Mediante la Resolución 41/2020 de la Secretaría de Alimentos, Bioeconomía y Desarrollo Regional autorizó el Instituto de Agrobiotecnología de Rosario (INDEAR), empresa subsidiaria de Bioceres y asociada al Conicet (Consejo Nacional de Investigaciones Científicas y Técnicas), a comercializar el trigo IND-00412-7. Sin embargo, la norma aclaraba que debía abstenerse de hacerlo “hasta tanto obtenga el permiso de importación de la República Federativa de Brasil”.

La precaria autorización, que ponía en otro Estado su propia decisión de permitir la comercialización, le permitió a Bioceres sembrar varios miles de hectáreas de trigo HB4 en diferentes provincias, entre ellas Córdoba, a través de programas de identidad reservada.

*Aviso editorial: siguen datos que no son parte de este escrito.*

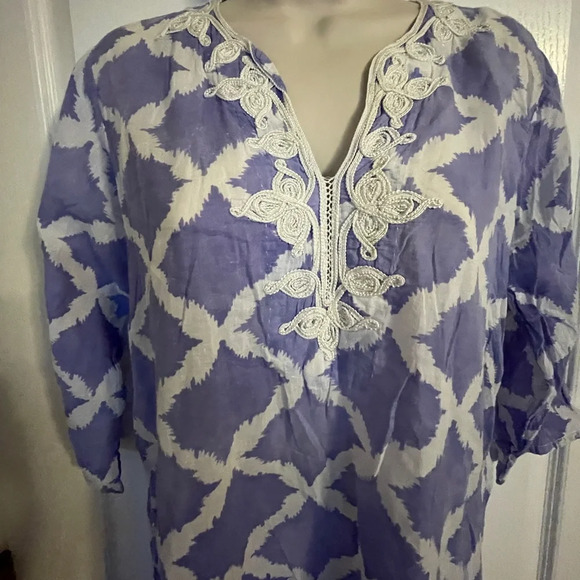 Roberta Roller Rabbit Cotton Tunic Cover Up Top Small Vacation Travel Resortwear - Picture 3 of 7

Ese proceso trajo preocupación a toda la cadena de comercialización y exportación. Es que, el propio informe de la Comisión Nacional Asesora de Biotecnología Agropecuaria (Conabia), utilizado para la aprobación de la nueva variedad, indica que podrían darse polinizaciones cruzadas entre trigos tradicionales y el modificado genéticamente. Es decir que, a través del viento, por ejemplo, las especies se cruzarían en un proceso de contaminación irreversible. Varios actores de la cadena elevaron su queja. Los contratos de exportación triguera con diferentes países para la presente campaña establecen de manera taxativa que el trigo debe estar libre de HB4.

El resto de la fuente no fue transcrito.